Christians ought to define and defend their faith---Who Christ is and
what He did on the cross. Let Mormons hear and read Scripture and decide
for themselves if their co-opting of the Christian vocabulary is
consistent with Scripture.
Moorad
-----Original Message-----
From: Glenn Morton [mailto:glennmorton@entouch.net]
Sent: Thursday, October 21, 2004 5:02 PM
To: Alexanian, Moorad; Don Winterstein; asa@lists.calvin.edu
Subject: RE: Glenn's dilemma
>-----Original Message-----
>From: Alexanian, Moorad [mailto:alexanian@uncw.edu]
>Sent: Friday, October 22, 2004 2:28 AM
>To: Glenn Morton; Don Winterstein; asa@lists.calvin.edu
>Subject: RE: Glenn's dilemma
>
>
>The question asked to Simon Peter by Jesus is the very same
>question He asks us today regarding Him, viz., "But who do you say
>that I am?"
>Simon Peter answered, "You are the Christ, the Son of the living
>God." And Jesus said to him, "Blessed are you, Simon Barjona,
>because flesh and blood did not reveal this to you, but My Father
>who is in heaven. " There is no test you can run to determine how
>the Father revealed who Christ is to a Christian. Only Christians
>know that and if you do not have that, then no one can convince
>you of that. Notice that people are moved to different faiths and
>one cannot, on this side of death, say which belief is true and
>which is false. Faith is a sort of imperfect kind of knowledge
>that one knows but cannot use it to prove it to someone else.
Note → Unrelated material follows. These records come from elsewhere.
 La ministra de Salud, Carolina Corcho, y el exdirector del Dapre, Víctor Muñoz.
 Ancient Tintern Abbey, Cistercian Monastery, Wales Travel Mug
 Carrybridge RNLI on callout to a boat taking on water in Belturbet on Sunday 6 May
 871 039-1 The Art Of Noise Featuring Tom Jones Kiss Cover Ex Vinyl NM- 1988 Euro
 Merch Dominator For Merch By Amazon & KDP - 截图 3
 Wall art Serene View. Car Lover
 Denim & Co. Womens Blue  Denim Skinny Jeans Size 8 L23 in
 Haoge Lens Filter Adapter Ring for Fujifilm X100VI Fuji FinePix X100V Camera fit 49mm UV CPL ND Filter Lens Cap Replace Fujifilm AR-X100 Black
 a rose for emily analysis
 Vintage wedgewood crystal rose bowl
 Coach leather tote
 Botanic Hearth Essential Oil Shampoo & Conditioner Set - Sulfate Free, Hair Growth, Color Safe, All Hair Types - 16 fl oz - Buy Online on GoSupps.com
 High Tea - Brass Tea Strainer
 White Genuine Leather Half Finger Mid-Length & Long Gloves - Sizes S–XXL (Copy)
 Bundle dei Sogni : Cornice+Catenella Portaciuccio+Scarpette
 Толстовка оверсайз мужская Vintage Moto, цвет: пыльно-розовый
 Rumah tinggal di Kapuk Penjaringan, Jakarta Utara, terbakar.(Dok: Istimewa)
>However, Christ did say that either one is with Him or against
>Him, which means if Christ is who He said He is, then all other
>religions are false.
While all this is entirely true, it doesn't count as what I was speaking
of--a grounding in fact. There simply must be some. Mormons could say
similar things about them being made gods in the after life.